También podemos limitar las formas de producción
diseñadas exclusivamente para maximizar los beneficios y no para satisfacer las
necesidades humanas, como la obsolescencia programada, que implica que los
productos se fabrican de tal manera que dejen de funcionar en poco tiempo, o
las estrategias publicitarias con las que se busca manipular nuestras emociones
y hacer que sintamos que lo que tenemos no es suficiente.
Al frenar la sobreproducción y liberar a las personas del
trabajo innecesario, podemos acortar la jornada laboral para mantener el pleno
empleo, distribuir los ingresos y la riqueza de forma más justa y ampliar el
acceso a servicios públicos fundamentales como la sanidad, la educación y la
vivienda asequible para todos. Una y otra vez se ha demostrado que estas medidas tienen un fuerte impacto
positivo en la salud y el bienestar de la gente.

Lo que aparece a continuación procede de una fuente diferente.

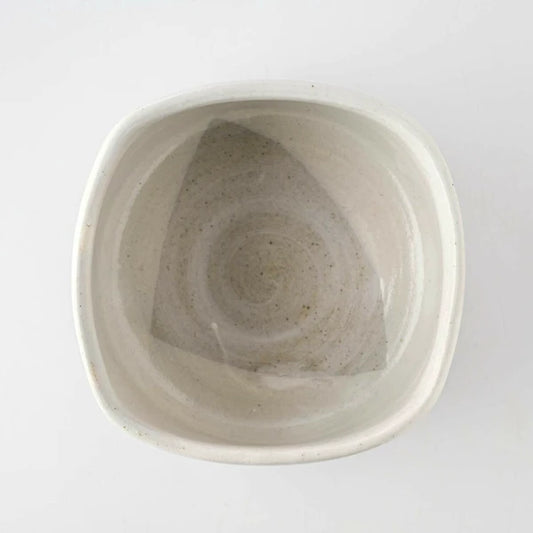 Ceramic Handmade Square Matcha Bowl | White | Seifu (Japan)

Son las claves para
una sociedad próspera y nos permiten desvincular el progreso social del
crecimiento económico. Los datos al respecto son verdaderamente estimulantes.
Quiero enfatizar que el decrecimiento no consiste
en reducir el PIB. El PIB no es una aguja que podamos mover a un lado o a otro.

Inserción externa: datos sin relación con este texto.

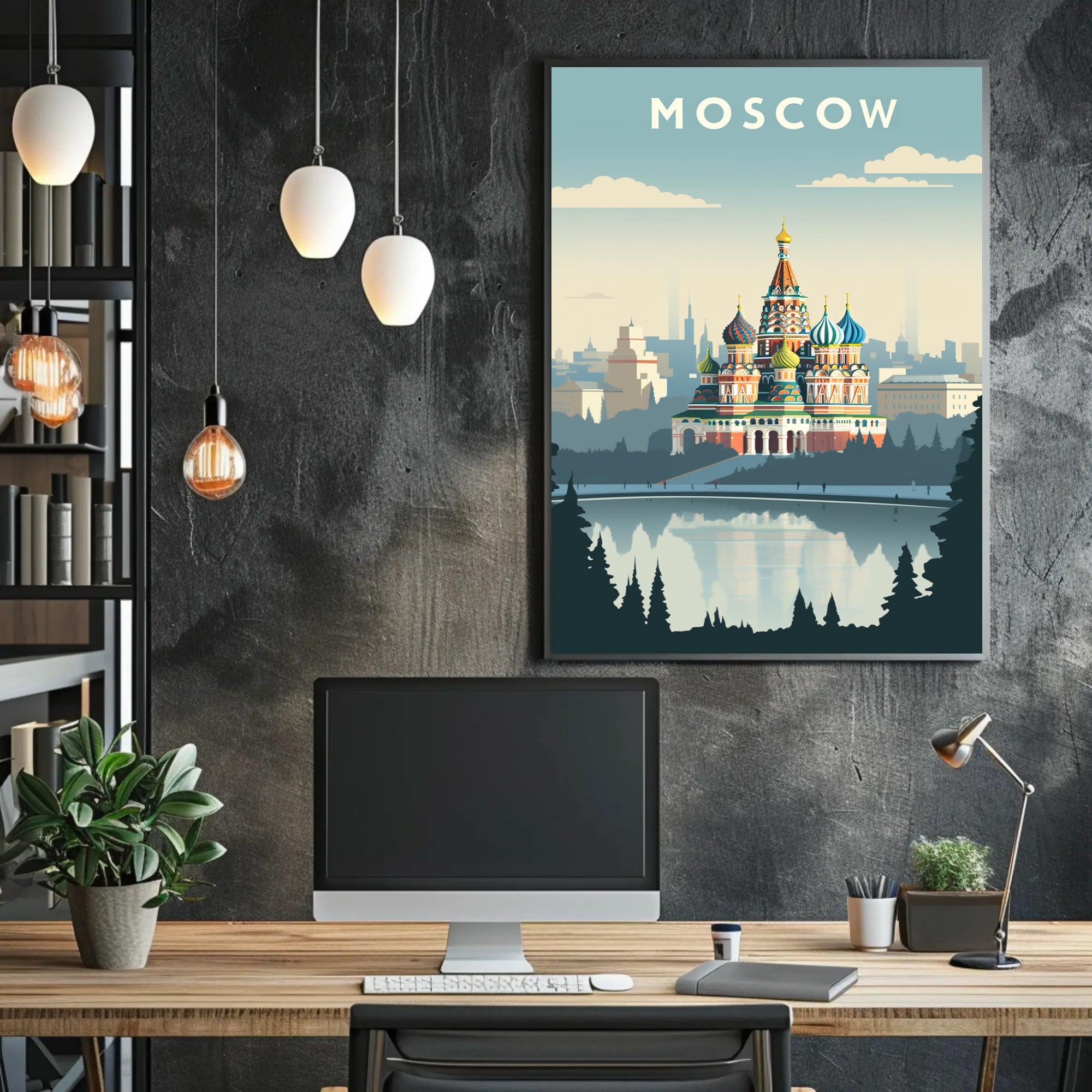 Saint Basil's Cathedral Modern Urban Cityscape Poster PosterGoat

Desde luego, es probable que frenar la producción innecesaria y
desmercantilizar los servicios públicos haga que el PIB crezca más despacio,
deje de crecer o incluso decrezca. Si eso ocurre, no pasa nada. En
circunstancias normales, esto podría desencadenar una recesión. Pero una
recesión es lo que ocurre cuando una economía que depende del crecimiento deja
de crecer. Es una situación caótica y desastrosa.

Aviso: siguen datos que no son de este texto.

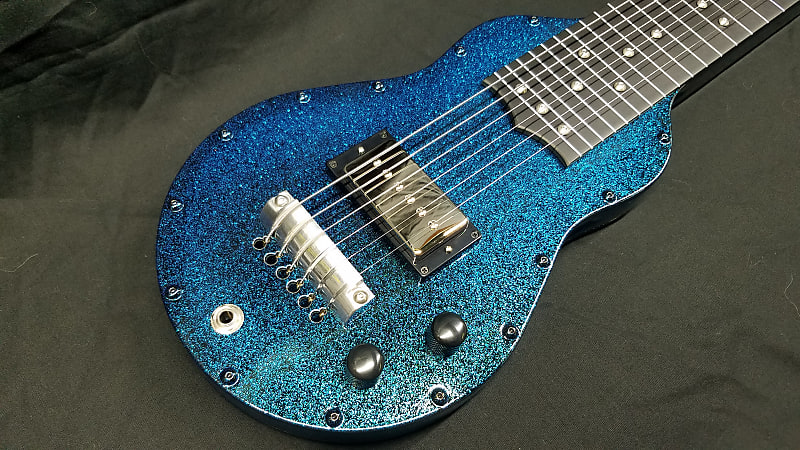 Fouke Industrial Guitars - Aluminum Lap Steel Magnum Blue Sparkle image 1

Lo que defiendo aquí es algo completamente diferente. Se
trata de llevar a cabo una transición a un tipo de economía totalmente
distinta: una economía que no necesite el crecimiento ya de entrada. Para llegar a ese
punto, tenemos que replanteárnoslo todo, desde el sistema de deuda hasta el
sistema bancario, para liberar a las personas, las empresas, los Estados y
hasta la propia innovación de las opresivas limitaciones que impone el
imperativo del crecimiento, lo que nos permitirá concentrarnos en objetivos más
loables.
Al adoptar medidas prácticas que van en esa dirección,
surgen nuevas y emocionantes posibilidades. Podemos crear una economía que gire
en torno a la prosperidad de las personas y no a la acumulación constante de
capital; en otras palabras, una economía poscapitalista. Una
economía más justa, más equitativa y más humanitaria.
Estas ideas han estado circulando en distintos continentes
durante las últimas décadas, como susurros de esperanza. Las hemos heredado de
gente como Herman Daly y Donella Meadows, los pioneros fundadores de la
economía ecológica; de filósofos como Vandana Shiva y André Gorz; de
científicos sociales como Arturo Escobar y Maria Mies; de economistas como
Serge Latouche y Giorgos Kallis, y de autores y activistas indígenas como
Ailton Krenak y Berta Cáceres.
De repente, estas ideas están adquiriendo visibilidad a toda
velocidad en la esfera pública y provocan un cambio extraordinario en el
discurso científico. Ahora se nos presenta una elección: ¿vamos a hacer oídos
sordos a la ciencia para conservar nuestra visión del mundo o vamos a cambiar
nuestra visión del mundo? Esta vez hay mucho más en juego que en la época de
Darwin. Esta vez no podemos permitirnos el lujo de hacer como si la
ciencia no existiera. Esta vez es cuestión de vida o muerte.